## Given records

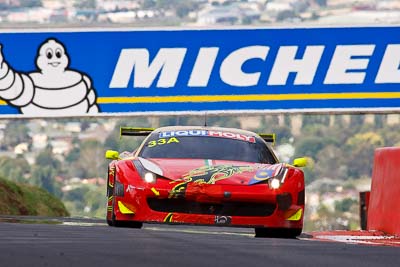 33;10-February-2013;33;Australia;Bathurst;Bathurst-12-Hour;Clearwater-Racing;Craig-Baird;Ferrari-458-Italia-GT3;Grand-Tourer;Matt-Griffin;Mok-Weng-Sun;Mt-Panorama;NSW;New-South-Wales;Reid-Park;auto;endurance;motorsport;racing;super-telephoto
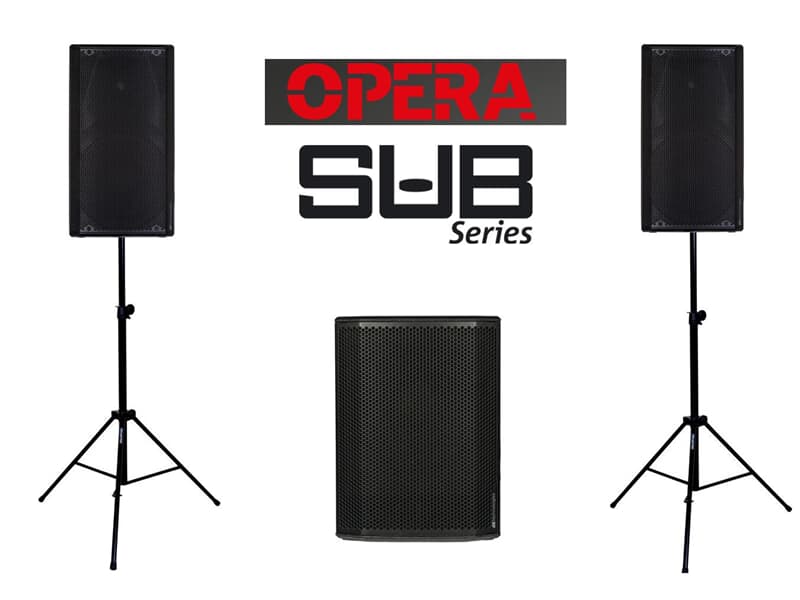 dB Technologies 2x Opera 12 + 1x Sub 615 + Stative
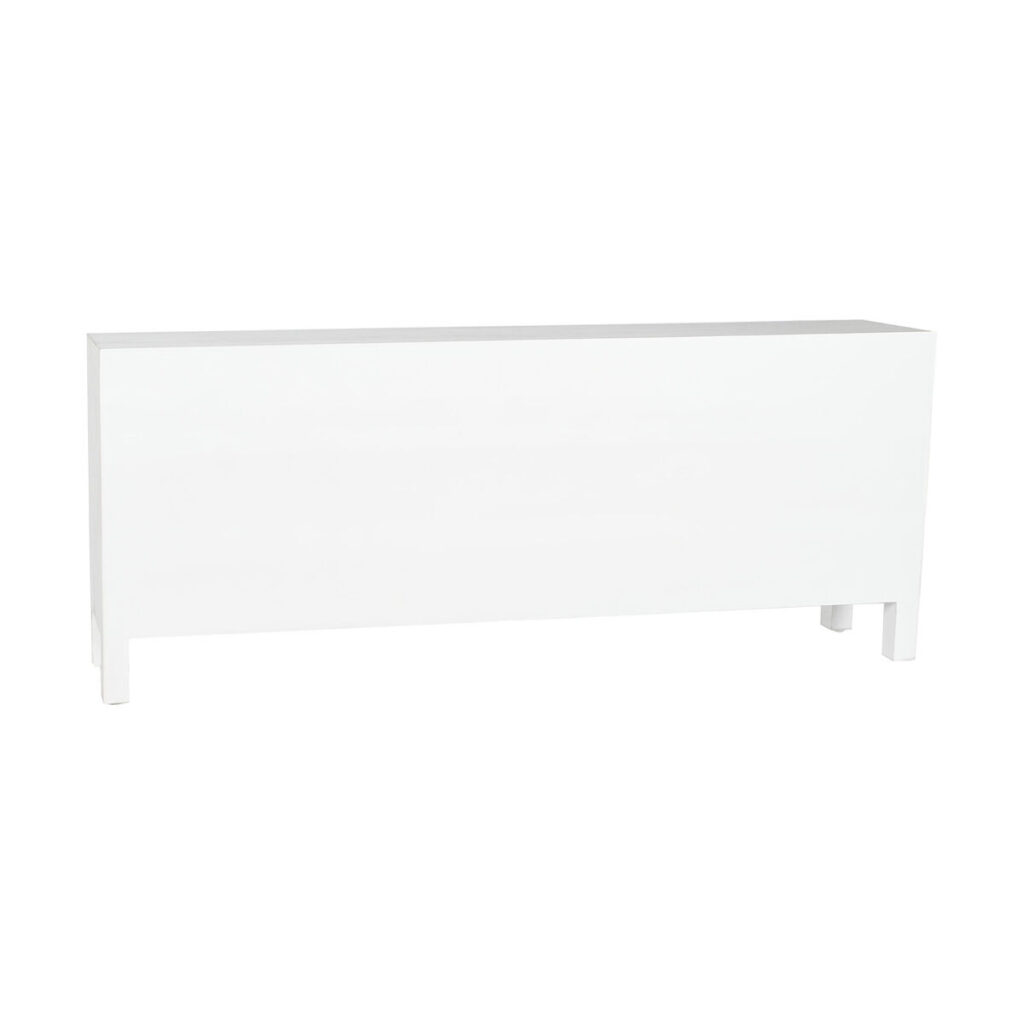 Τηλεόραση DKD Home Decor Λευκό Φυσικό Έλατο Ξύλο MDF 130 x 24 x 51 cm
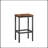 Bar Table Set, Square Bar Table with 2 Bar Chairs, Industrial Style Bar Chairs-1056684355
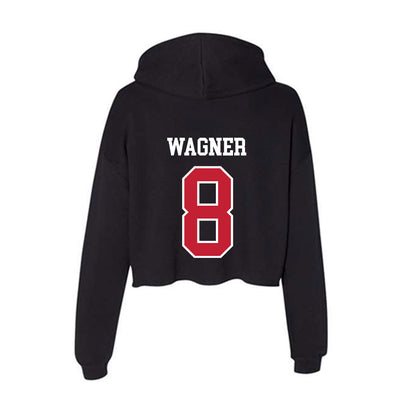St. Johns - NCAA Women's Basketball : Shaulana Wagner - Classic Shersey Women's Crop Fleece Hoodie-1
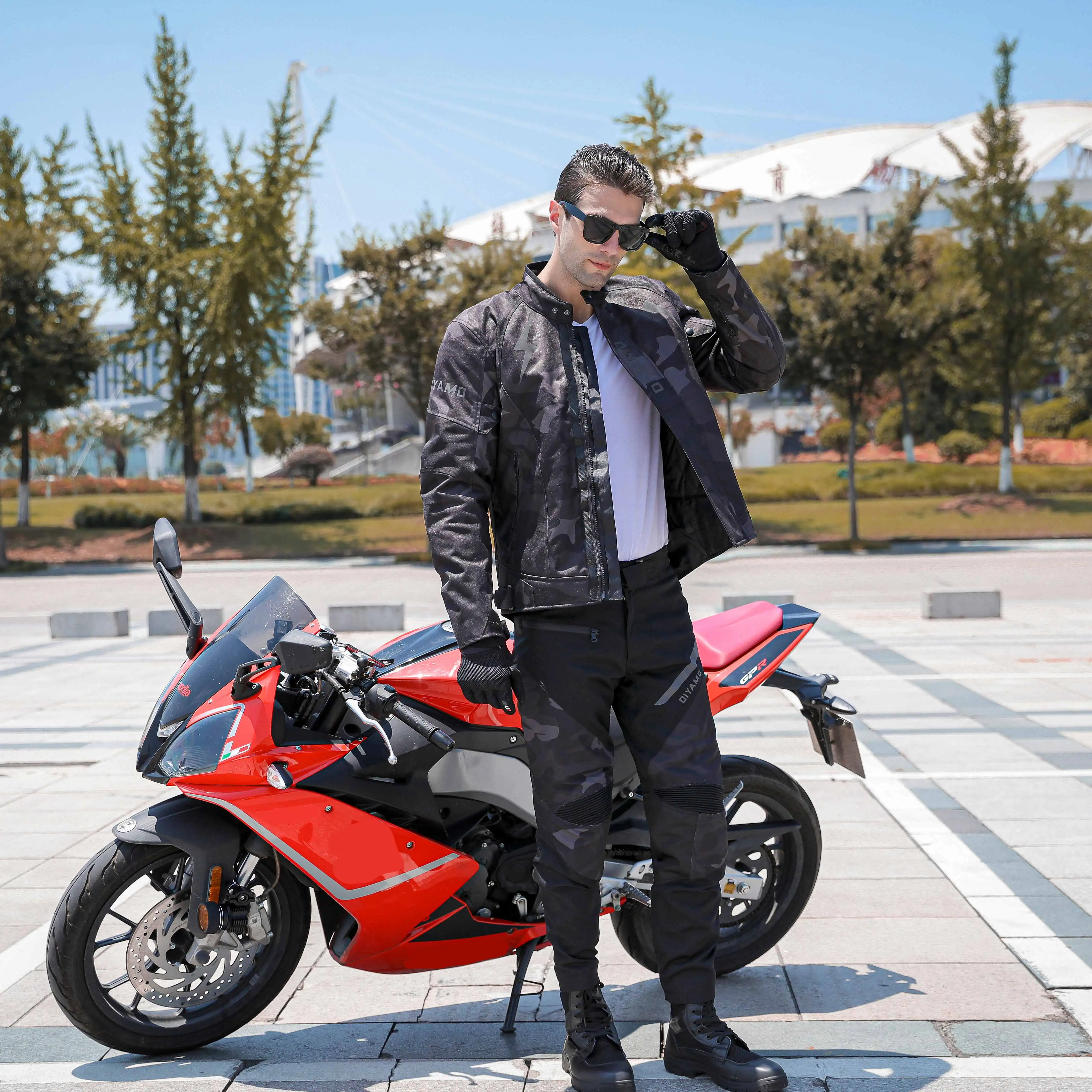 Мужская мотоциклетная куртка мотоциклетный ветрозащитный костюм для езды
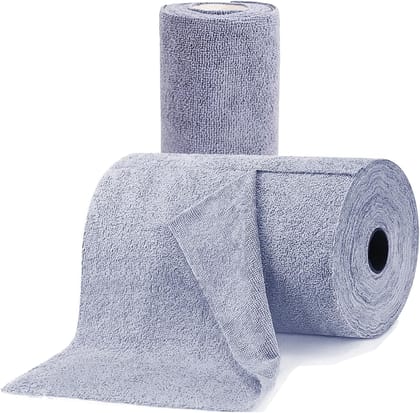 Absorbent Light Blue Non-Woven Disposable Cleaning Cloths Roll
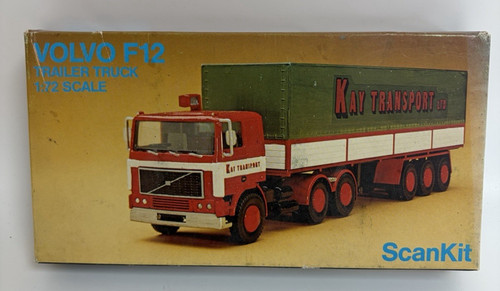 Scankit volvo f12 trailer - 1:72,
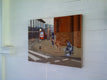 Original art for sale at UGallery.com | Mending by Michael Wedge | $575 | oil painting | 18' h x 24' w | thumbnail 3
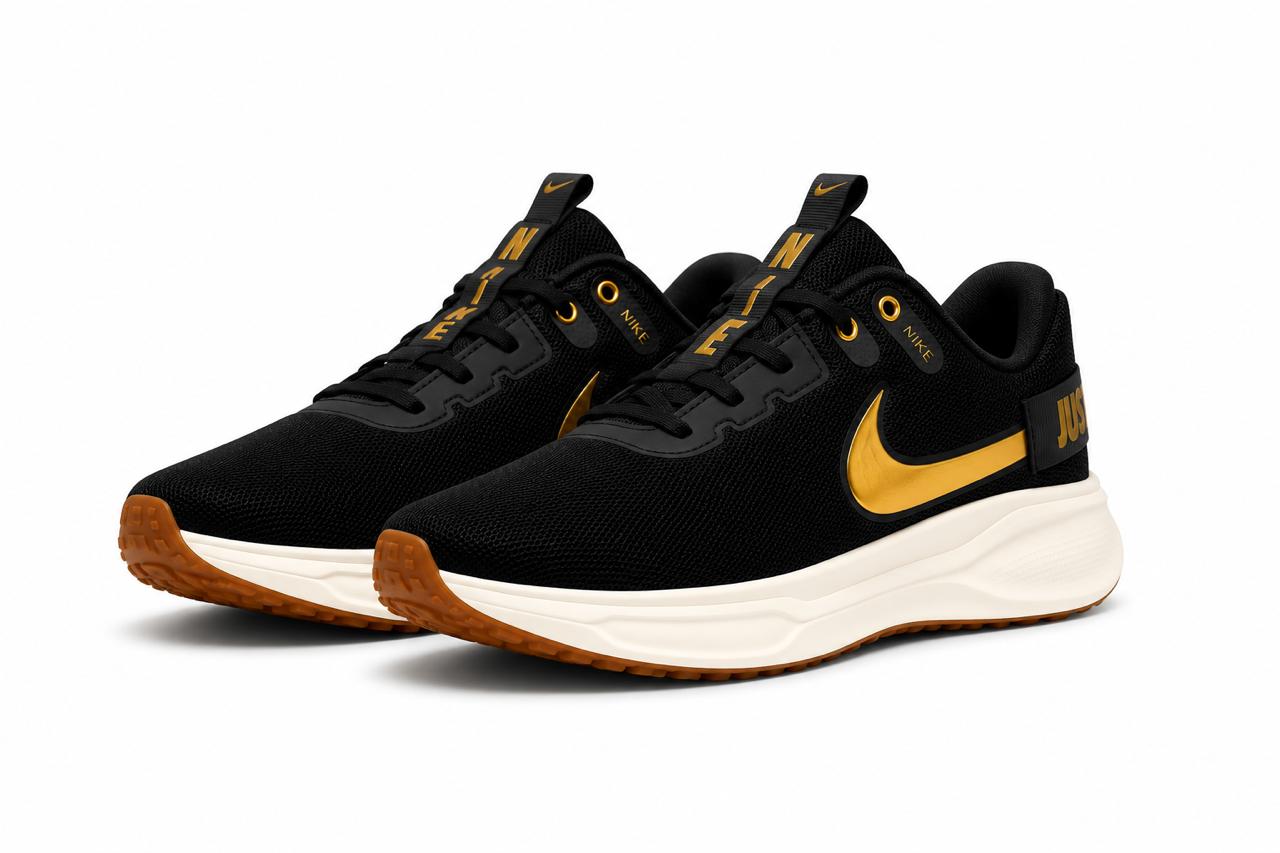 Nike Just do it Preto Dourado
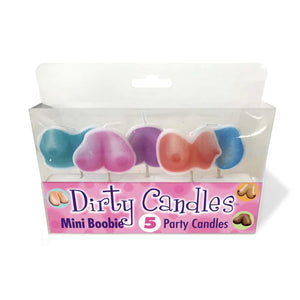 Dirty Boob Candles 5 Party Candles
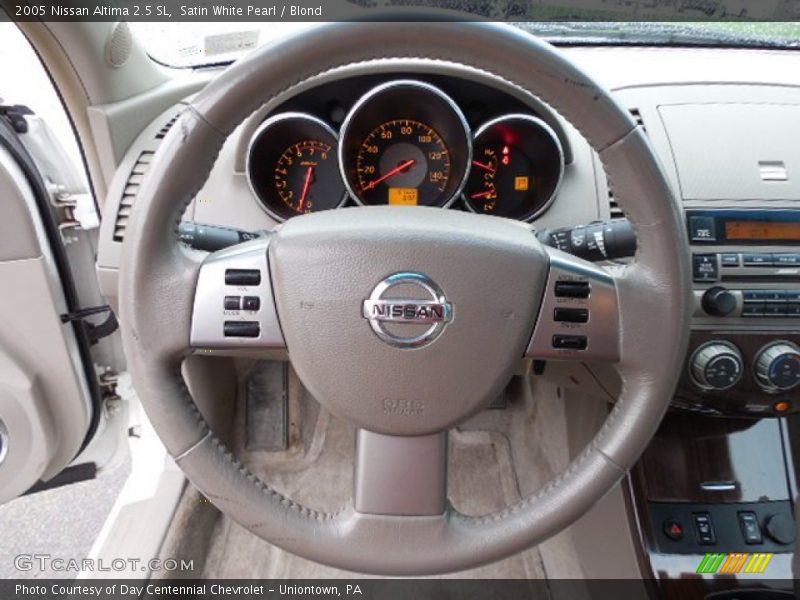 Satin White Pearl / Blond 2005 Nissan Altima 2.5 SL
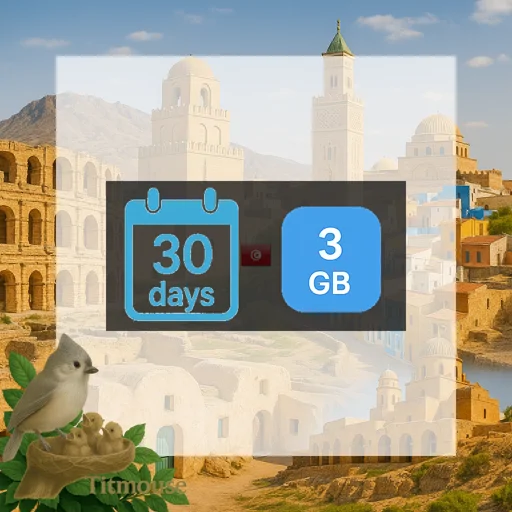 Tunisia - 3 GB - 30 days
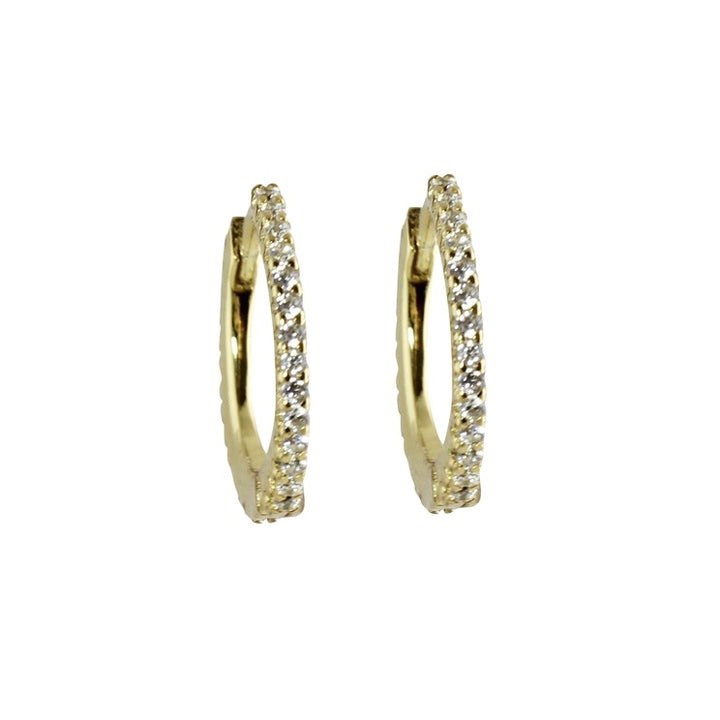 CLASSIC PAVÈ HOOP EARRINGS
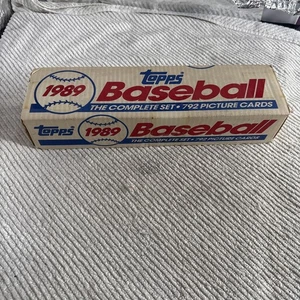 1989 Official Topps Baseball Cards Complete Set of 792 Cards Factory Sealed - Bild 1 von 7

## Exercise objective
Apart from the pictures, restate all of the listing above exactly.

## Result of the exercise
 33;10-February-2013;33;Australia;Bathurst;Bathurst-12-Hour;Clearwater-Racing;Craig-Baird;Ferrari-458-Italia-GT3;Grand-Tourer;Matt-Griffin;Mok-Weng-Sun;Mt-Panorama;NSW;New-South-Wales;Reid-Park;auto;endurance;motorsport;racing;super-telephoto
 dB Technologies 2x Opera 12 + 1x Sub 615 + Stative
 Τηλεόραση DKD Home Decor Λευκό Φυσικό Έλατο Ξύλο MDF 130 x 24 x 51 cm
 Bar Table Set, Square Bar Table with 2 Bar Chairs, Industrial Style Bar Chairs-1056684355
St. Johns - NCAA Women's Basketball : Shaulana Wagner - Classic Shersey Women's Crop Fleece Hoodie-1
 Мужская мотоциклетная куртка мотоциклетный ветрозащитный костюм для езды
 Absorbent Light Blue Non-Woven Disposable Cleaning Cloths Roll
 Scankit volvo f12 trailer - 1:72,
 Original art for sale at UGallery.com | Mending by Michael Wedge | $575 | oil painting | 18' h x 24' w | thumbnail 3
 Nike Just do it Preto Dourado
 Dirty Boob Candles 5 Party Candles
 Satin White Pearl / Blond 2005 Nissan Altima 2.5 SL
 Tunisia - 3 GB - 30 days
 CLASSIC PAVÈ HOOP EARRINGS
 1989 Official Topps Baseball Cards Complete Set of 792 Cards Factory Sealed - Bild 1 von 7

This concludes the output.